• **YOUR GOAL**: For this exercise, write out only the lines of the entries below from the one with "Arezzo Blue Floor" up to and including the one with "Tapered Diamond Patterned", exactly as they are. Pictures stay out.

• **TASK MATERIAL**:
※
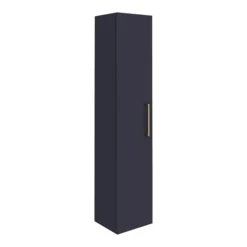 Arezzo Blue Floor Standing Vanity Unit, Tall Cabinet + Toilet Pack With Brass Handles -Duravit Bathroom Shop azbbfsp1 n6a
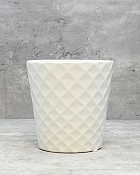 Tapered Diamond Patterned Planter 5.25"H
※
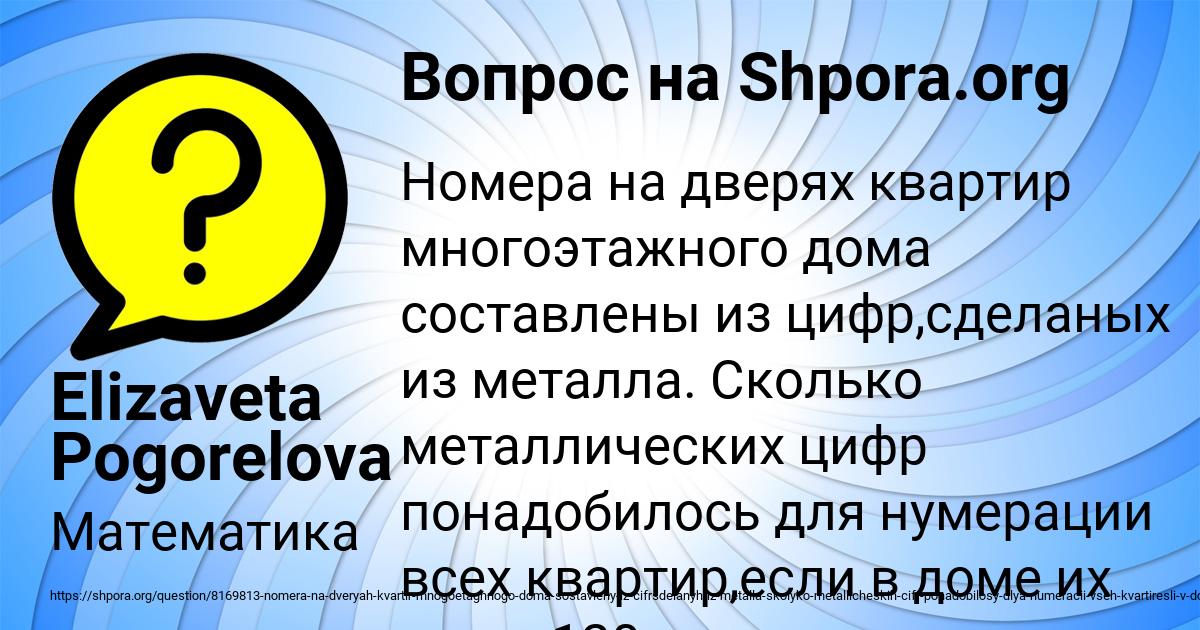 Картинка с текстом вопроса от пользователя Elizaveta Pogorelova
※
• **TASK SOLUTION**:
 Arezzo Blue Floor Standing Vanity Unit, Tall Cabinet + Toilet Pack With Brass Handles -Duravit Bathroom Shop azbbfsp1 n6a
 Tapered Diamond Patterned Planter 5.25"H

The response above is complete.